So. I’ve been giving myself style lessons, right? I’ve been experiencing an increase in confidence. I’ve been feeling like a truer version of myself. Sometimes I even think I’ve figured it all out. Nonetheless, I received a funny little lesson the other day.
I headed into Portland for a haircut. I threw on some clothes I felt good in and that felt like me. See? I’ve learned something. I walked into the salon. And just like that it was all over. Turns out, just because I’ve learned a thing or two it doesn’t mean I’m Wonder Woman all of a sudden – impenetrable because of all my supposed confidence. Nope. Have no doubt, Insecurity is still alive and well.

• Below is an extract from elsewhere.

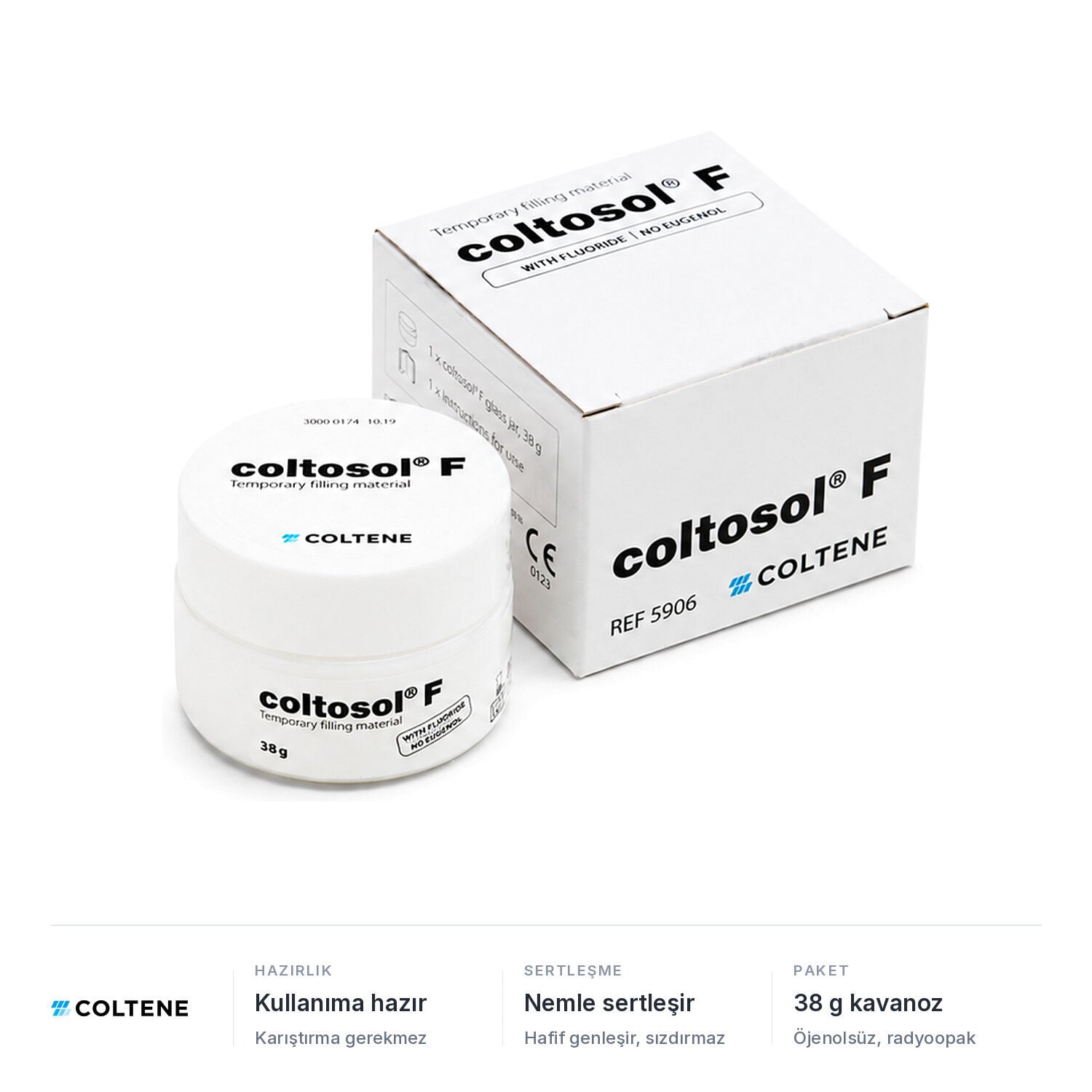 Coltene Coltosol F Geçici Dolgu Maddesi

The receptionist was beyond cool, beyond. The stylist she was talking to was exoticbeautifulsexy and if that weren’t enough, she was friendly! And me? Plain, boring, sloppy, dull. I had to chuckle as soon as I recognized my feelings of insecurity hadn’t gone away just because I was experiencing personal growth. My feelings of doubt, incompetence, and overall lameness were still there.

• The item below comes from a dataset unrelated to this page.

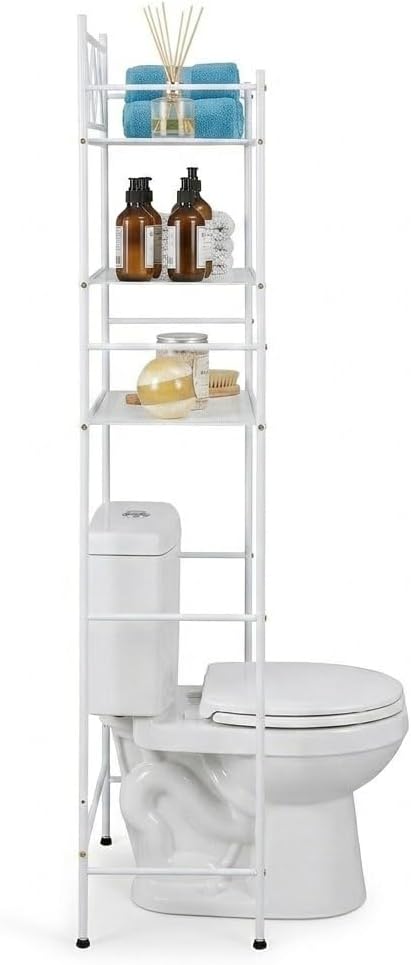 Home Zone Living Over-the-Toilet Bathroom Storage Cabinet Organizer | - Image 5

Now, I keep mulling this story over and over trying to figure out what the happy ending is. The wise lesson I’ve learned. The cheerful spin on events. But I can’t come up with a single one. Nada.
The only thing I’ve realized is that my successes and my insecurities, my shining moments and my dark ones – they are all me. I welcome the accomplishments and I learn to laugh when I screw things up. I need each and every moment to really be myself. And without them, I’m not much. Every experience – good and bad – is required.